2. Em todo o caso, sempre se dirá também que, ainda que fosse tempestivo, o pedido de recusa estaria condenado ao insucesso, pois as razões invocadas não constituem motivo sério e grave, adequado a gerar desconfiança sobre a imparcialidade dos magistrados em causa.

Sejamos claros e objetivos.

O ora requerente, foi condenado por acórdão do Juízo Central Criminal de Lisboa -J15, pela prática de 2 crimes de ofensas à integridade física qualificadas na pena única, em resultado do cúmulo jurídico efetuado, de 5 (cinco) anos e 9 (nove) meses de prisão, decisão que foi confirmada, integralmente, por acórdão da 5.ª Secção do Tribunal da Relação de Lisboa, de 20/02/2024, em que intervieram os magistrados agora objeto de recusa.

Tal acórdão, que ainda não transitou em julgado, não é, porém, suscetível de recurso para o Supremo Tribunal de Justiça, como, alias, o requerente reconhece no seu requerimento (Cfr. arts. 400.º n.º 1 f) e 432.º n.º 1 b), do C.P.P.).

Ora, o requerimento de recusa não serve para suprir pretensas ou eventuais irregularidades cometidas em atos processuais e, como se escreveu num acórdão recente deste Tribunal2, a apresentação do pedido de recusa não deve servir também para o entorpecimento da normal tramitação de um processo, que a lei pretende prevenir com a estipulação do mencionado limite temporal para a sua dedução.

III. Decisão

Em face do exposto, rejeita-se, por extemporaneidade, o pedido de recusa formulado relativamente ao Senhor Juiz Desembargador Manuel Alexandre Teixeira Advínculo Sequeira e às Senhoras Juízas Desembargadoras Luísa Maria da Rocha Oliveira Alvoeiro e Ana Cláudia Nogueira para continuarem a intervir nos autos de recurso n.º 877/21.6PCLSB.L1, da 5.ª Secção do Tribunal da Relação de Lisboa.

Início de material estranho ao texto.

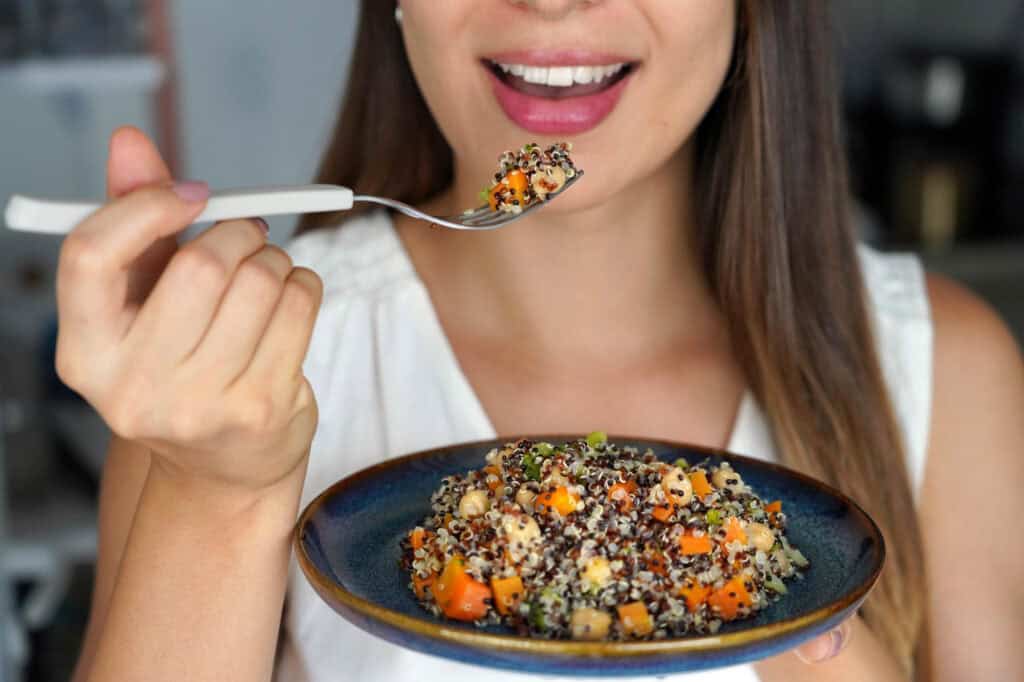 Makan quinoa bantu diet lebih optimal karena rendah kalori dan kaya serat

Custas do incidente a cargo do requerente, fixando-se a taxa de justiça em 3 UC.

Lisboa, 3 de abril de 2024

(Processado e revisto pelo Relator)

Pedro Branquinho Dias (Relator)

Maria do Carmo Silva Dias (Adjunta)

Maria Teresa Féria de Almeida (Adjunta)

________________________




1. In Comentário do Código de Processo Penal à luz da Constituição da República e da Convenção Europeia dos Direitos Humanos, Volume I, 5.º edição atualizada, UCP Editora, pg. 157.

2. Acórdão de 8/11/2023, cujo relator é o Senhor Conselheiro João Rato, no Proc. n.º 121/08.1TELSB.L1.S1-F e disponível em www.dgsi.pt.